▸ **ASSIGNMENT**
A letter-for-letter copy of the listing is required, with no pictures in it.

▸ **DATASET EXCERPT**
----------

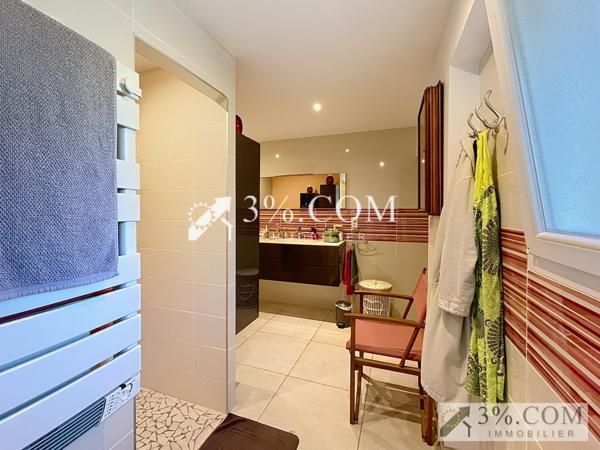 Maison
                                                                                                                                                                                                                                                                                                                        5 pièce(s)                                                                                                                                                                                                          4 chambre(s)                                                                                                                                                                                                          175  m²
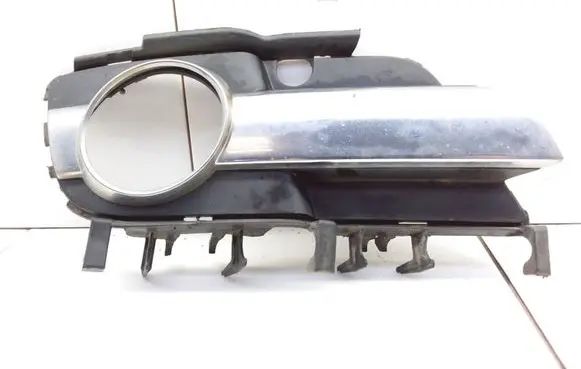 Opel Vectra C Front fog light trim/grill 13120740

----------

▸ **RESULT**
 Maison
                                                                                                                                                                                                                                                                                                                        5 pièce(s)                                                                                                                                                                                                          4 chambre(s)                                                                                                                                                                                                          175  m²
 Opel Vectra C Front fog light trim/grill 13120740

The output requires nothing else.